Sofística
(uma biografia do conhecimento)
49.6 – Antropologia sofística, por Crítias.
Expõe Gilbert Romeyer-Dherbey:
“A chave do pensamento de Crítias encontra-se, talvez, no fragmento que pareceu, a muitos intérpretes, paradoxal: “os bons são-no muito mais pelo exercício do que por natureza”. Com efeito, pensa-se, geralmente, em referência a Píndaro, que um aristocrata só podia fazer depender a areté da natureza, isto é, do nascimento. Parece-nos, pelo contrário, que, neste fragmento, Crítias responde a Antífon, para o qual a natureza mostra a igualdade dos homens: se os homens são iguais por natureza, diferem enormemente pela cultura. O que distingue a aristocracia é a longa e difícil formação educativa que se lhe dá e que ela a si se dá. Esta tese orienta o pensamento de Crítias para um voluntarismo que vai confirmar a sua gnoseologia. Crítias traça uma linha de demarcação nítida entre o sentir e o conhecer; para isso opõe o pensamento – que conhece – e as diferentes instâncias corporais – que sentem. Pensamento e (p. 111) sensações opõem-se como a unidade à multiplicidade. Um outro fragmento permite-nos relacionar o primeiro tema da ascese [Osório diz: Ascetismo. Prática de devoção e meditação religiosa (consiste na prática da renúncia do prazer ou mesmo a não satisfação de algumas necessidades primárias, com o fim de atingir determinados fins espirituais. O conceito abrange, por isso, um grande espectro de práticas, em culturas e etnias muito diferentes, que vão dos ritos iniciáticos (maus tratos, incisições e escoriações no corpo, repreensões de extrema severidade, a mutilação genital ou a participação em provas que exigem atos excessivos de coragem) aos hábitos monásticos de diversas religiões, incluindo o celibato, o jejum e a mortificação do corpo por diversos meios. Segundo as interpretações mais correntes, alguns dos fenômenos religiosos e místicos, envolvendo visões ou estados de êxtase resultam do enfraquecimento do corpo e da alteração do equilíbrio sensorial. Segundo o idealismo platônico, a ascese servirá, exatamente, para aproximar a pessoa (o asceta) da verdadeira realidade espiritual e ideal, ao desligar-se da imperfeição e materialidade do corpo. A religião cristã ligará, também, os desejos corporais à ideia de pecado que deve ser refreado a todo o custo, caso se pretenda atingir a santidade e os dons divinos que, ainda assim, são concedidos pela graça de Deus e não pela virtude do asceta.)] com a teoria do pensamento:
“Se tu próprio te exercitas para seres de pensamento penetrante, experimentarás assim por isso mesmo o menor prejuízo."

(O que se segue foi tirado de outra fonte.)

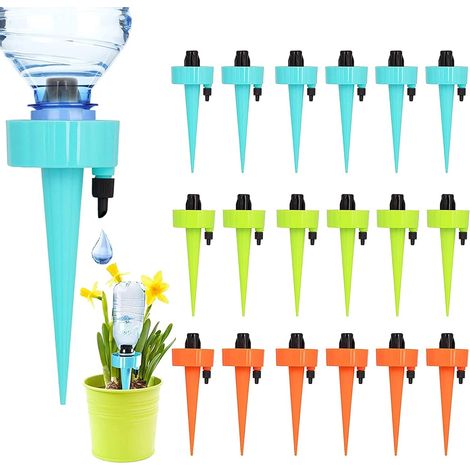 Ensemble d’arrosage automatique 18 pièces, système réglable pour plantes de jardin – DELKEVIC (1/5)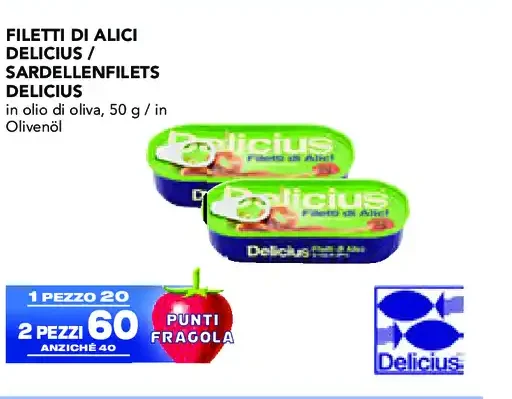 Filetti di alici Delicius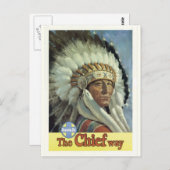 New Mexico Vintage Reise Postkarte (Vorne/Hinten)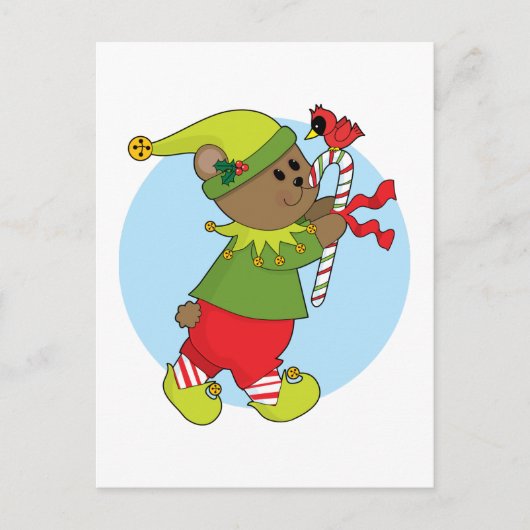 kerstBeer Feestdagenkaart (Voorkant)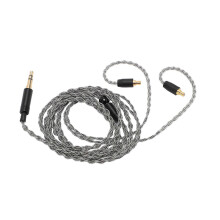 Oordopjeskabel 1,2 m, verzilverd koper, 3,5 mm stereostekker, vervangingskabel voor IE100 Pro, IE400 Pro en IE500 Pro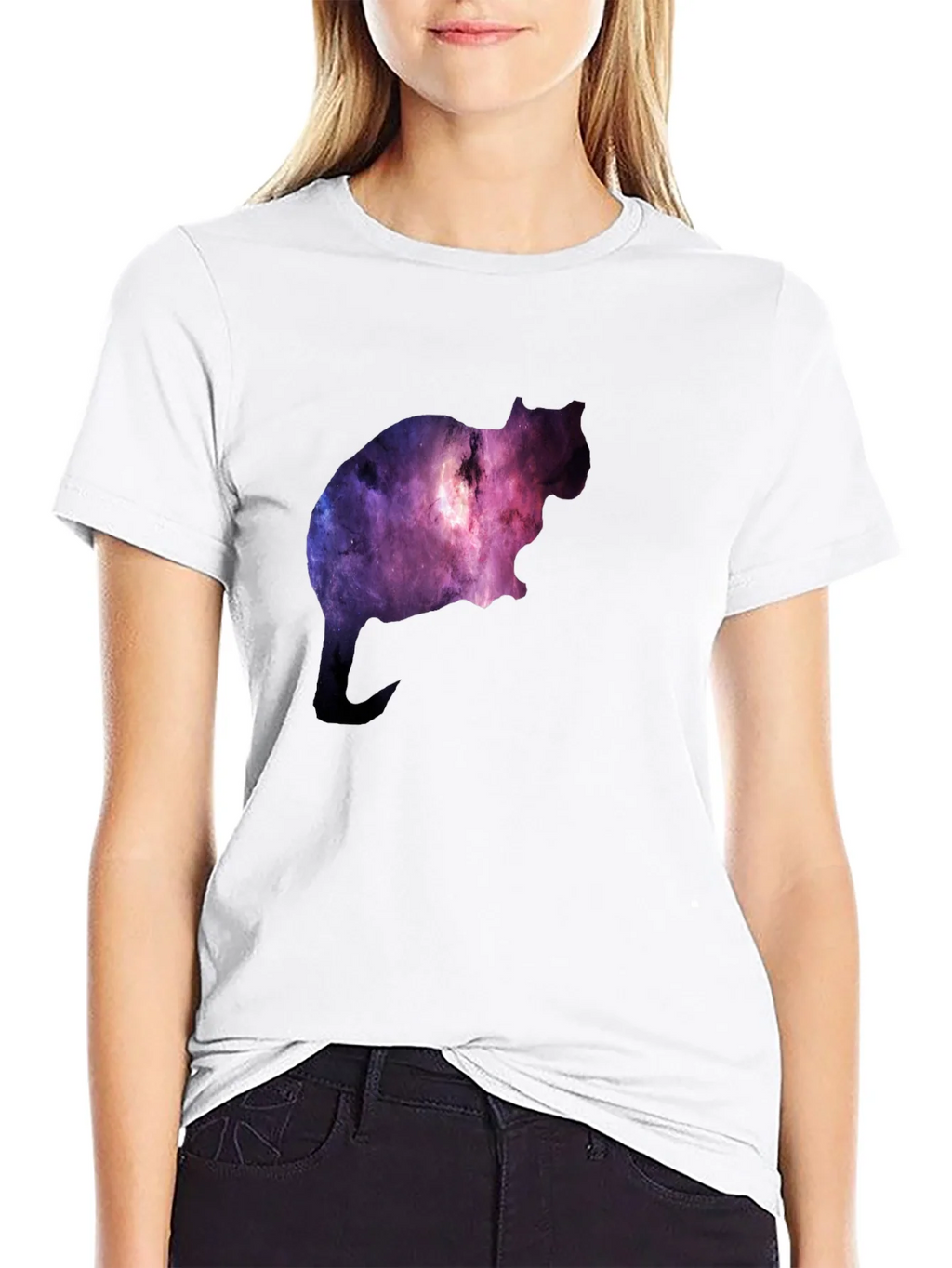 Galaxy Cat T-Shirt - Cosmic Feline Tee product image 11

“Por isso mesmo” designa provavelmente aqui as sensações: assim, pelo exercício torna-se mais forte e mais acutilante a gnôme, que é então capaz de dominar as múltiplas solicitações do sentir. Esta distinção pensamento-sensações não anuncia a ulterior distinção alma-corpo, porque – para Crítias – como nos informa Aristóteles, a alma é essencialmente poder de sentir; ora, se a sensação se produz devido ao sangue, segue-se que a alma é o sangue. A alma, poder de vida, é, por conseguinte, indistinta do corpo. Esta doutrina da alma-sangue não basta para classificar esta antropologia de materialista já que, acima da alma e diferente dela, há, como se viu, a gnôme.
Untersteiner propõe que se relacione gnôme com tropos o “caráter”, que seria a sua “manifestação concreta”. A teoria do caráter aparece então em Crítias como o elo de ligação entre a sua concepção do homem e a respectiva concepção política; explica a sua idolatria por Esparta e a sua educação guerreira, os seus costumes, a sua Constituição.” (Fonte: Os sofistas, Gilbert Romeyer-Dherbey, tradução João Amado, Edições 70, Lisboa, 1999, p. 111-112).